На моих глазах — помогать мне не позволили (а если по правде, не нуждались они в моей помощи) — место происшествия очистили целиком, ничего не оставили, кроме оси и своры корыстных, унюхавших поживу собак. Почему они не взяли ось, я не понимал; если починить нельзя, то можно было пустить на дрова. Тьма рассеялась, поголубела, а вскоре и солнце встало. Деревенские пришли и ушли, унося повозку, словно больного ребенка. Слышно было только петушиное кукареканье, лошадиное ржанье в отдалении и счастливое хлюпанье собачьих языков, лакавших молоко, жирное, теплое, вкусное, из ложбинок в брусчатке.
* * *
Я помочился в куст орешника и вернулся в дом. Поел овсянки на воде, молока ни капли не добавил. Благочинный не соврал, сегодня день взвешивания, этой ернической ежегодной церемонии, когда меня сажают в лодку рядом с другим мужчиной и смотрят, вешу ли я меньше, чем мой сосед, ибо телесная сущность священника якобы наполовину человеческая, а наполовину ангельская. Я не чувствовал в себе ничего ангельского, должен признать. За едой мне пришло в голову, что благочинный примет восторженно мой провал, если я окажусь тяжелее соседа по лодке, и от этой мысли я перестал есть, так и не увидев дна миски.

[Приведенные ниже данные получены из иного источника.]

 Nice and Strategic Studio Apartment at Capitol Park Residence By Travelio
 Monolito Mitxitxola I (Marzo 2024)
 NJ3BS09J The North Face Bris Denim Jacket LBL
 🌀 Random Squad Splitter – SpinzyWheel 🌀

“Брат”, — подумал я, когда он прибыл к нам днем ранее, трясясь на унылой кобылке и боязливо морща лоб. Спешился он благополучно, к моему облегчению, одернул свои одеяния — куда более изящные, чем мои, — и сжал мои руки в своих. Я видел, что он надеется обнаружить в Оукэме нечто, что его порадует, либо тех, кто ему обрадуется. Я был готов и радовать, и радоваться. Я повел его в церковь, показал груду подношений — кубки, свечи, напрестольные пелены и даже бесполезные желудевые скорлупки; мы оба посмеялись.

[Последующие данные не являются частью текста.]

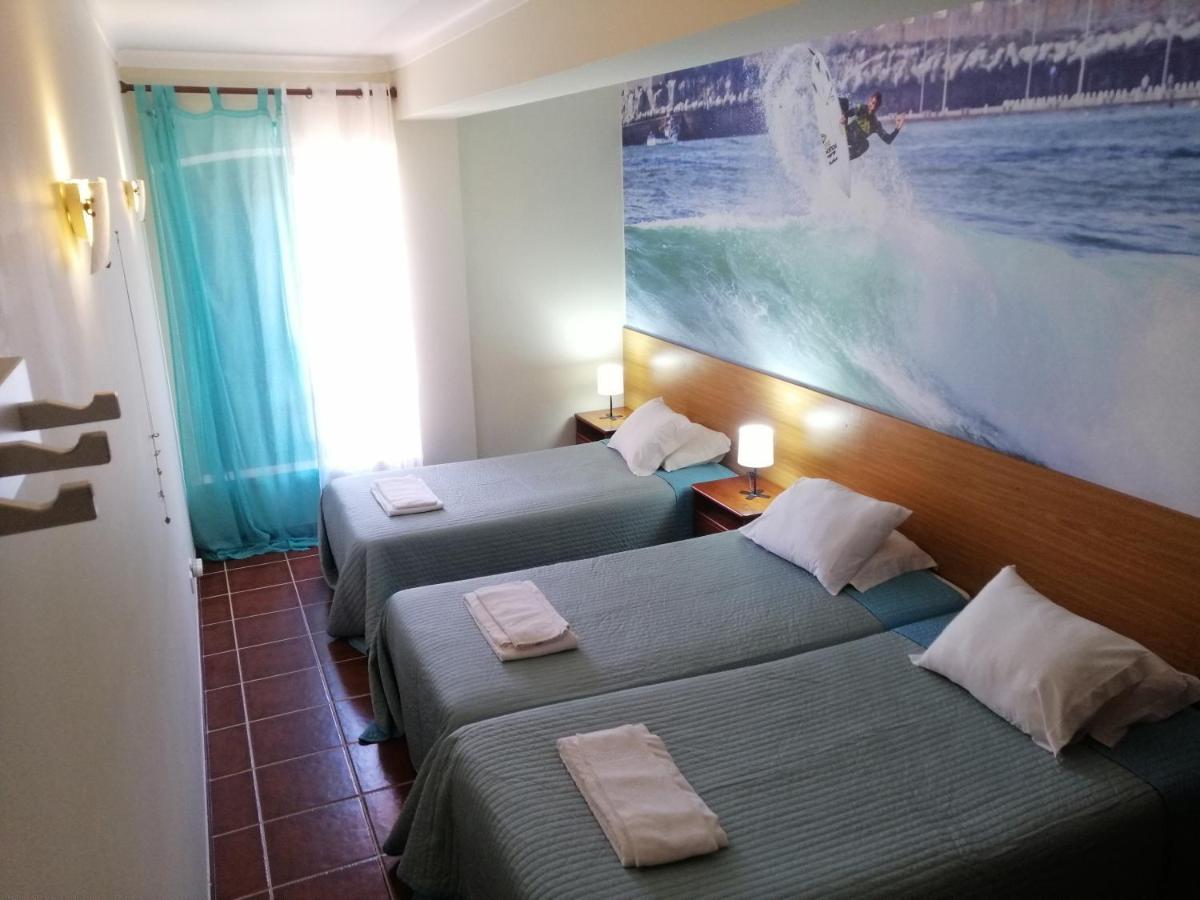 Albergue Supertubos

Но, рассеянно окинув взглядом церковь, благочинный немедленно приступил к иным делам — расследованию смерти Ньюмана, ради чего он, собственно, сюда и явился, — и пока не заметно было, чтобы Оукэм хоть чем-нибудь ему угодил, а я и еще менее. Долго я сидел в кресле. Откупорил склянку с амброй — если я оставлю ее открытой, сестра покинет меня окончательно и навсегда? Как запах, что выветривается до полного исчезновения? “Вы говорите о ней как о мертвой”, — сказал благочинный. Что ж, в определенном смысле она мертва и одновременно еще как жива и здравствует. Была здесь — и нету. Только что — и так давно. Я попытался перебрать в памяти двадцать три года ее пребывания на этой земле и ничего не вспомнил, ничего; помнил лишь то, что случилось три дня назад, незадолго до ее свадьбы. Все, что было раньше, куда-то пропало. Осталось только это.

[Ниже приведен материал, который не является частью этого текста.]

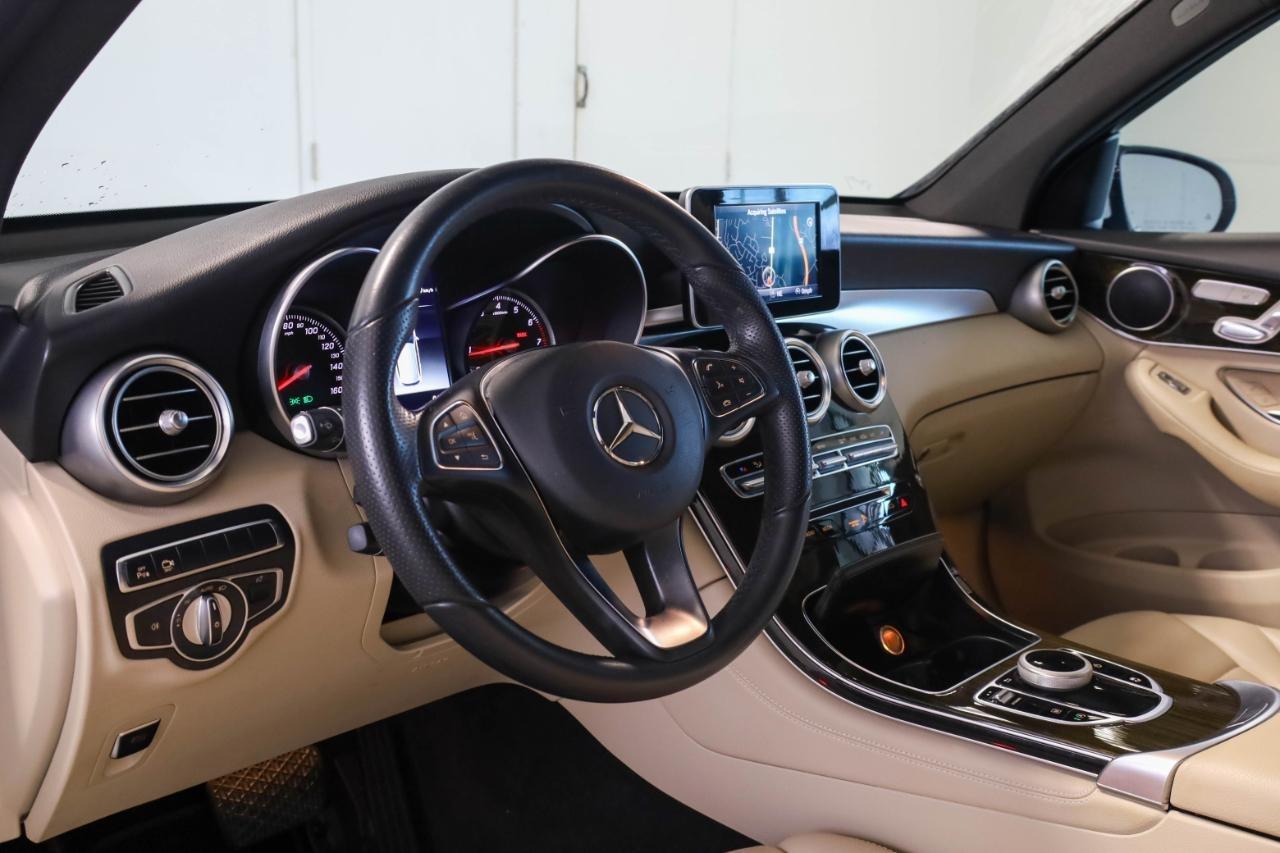 Mercedes-Benz GLC GLC 300 SUV 2018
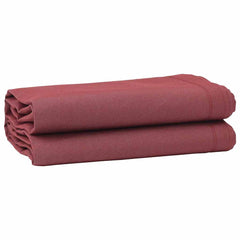 vidaXL Awning Replacement Fabric Burgundy 1000 x 160 cm Polyester 1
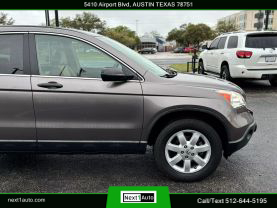 2009 HONDA CR-V SUV 4-CYL, VTEC, 2.4 LITER EX SPORT UTILITY 4D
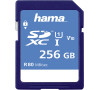 Hama SDXC 256 GB Class 10, UHS-I 80 MB/s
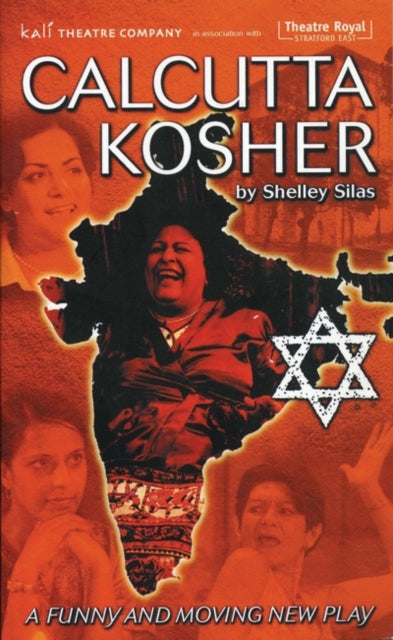 Book cover of: Calcutta Kosher. By: Shelley Silas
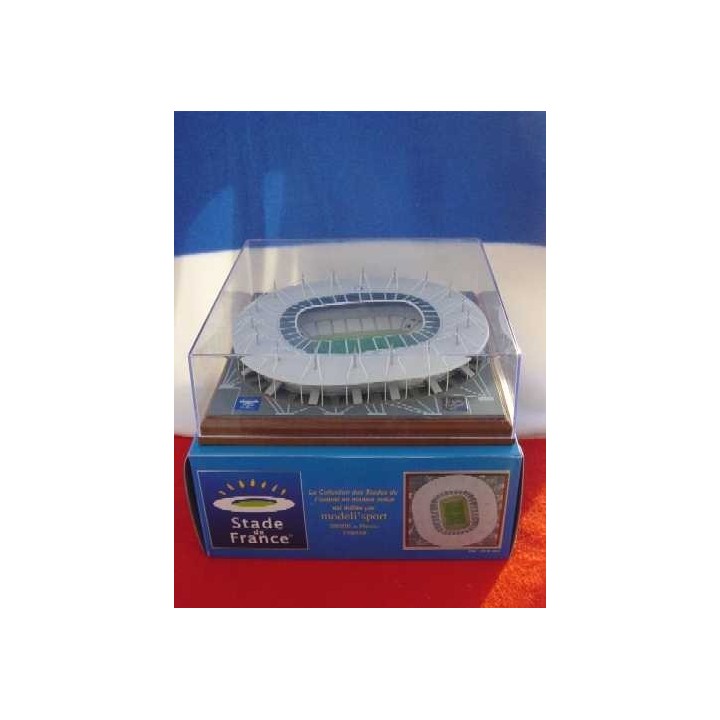 MAQUETTE STADE de FRANCE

В этой самой комнате она жарила на сковороде хлеб, сперва обмакнув его в яйцо. Хороший хлеб, пшеничный. В комнате пахло разогретым маслом и амброй. Стол был накрыт — блюдо, нож и кружка на каждого; я налил в кружки пива, и мы уселись завтракать. Анни уплетала за обе щеки. В детстве нам давали хлеб, вымоченный в яйцах, но он был ржаным и никогда таким же вкусным, как этот, испеченный в Оукэме из пшеничной муки. Потягивая пиво мелкими глотками, Анни накручивала нитку на пальцы то так, то эдак, и я заметил, что у нее ногти грязные, и велел ей не забыть помыть руки, прежде чем предстать перед алтарем.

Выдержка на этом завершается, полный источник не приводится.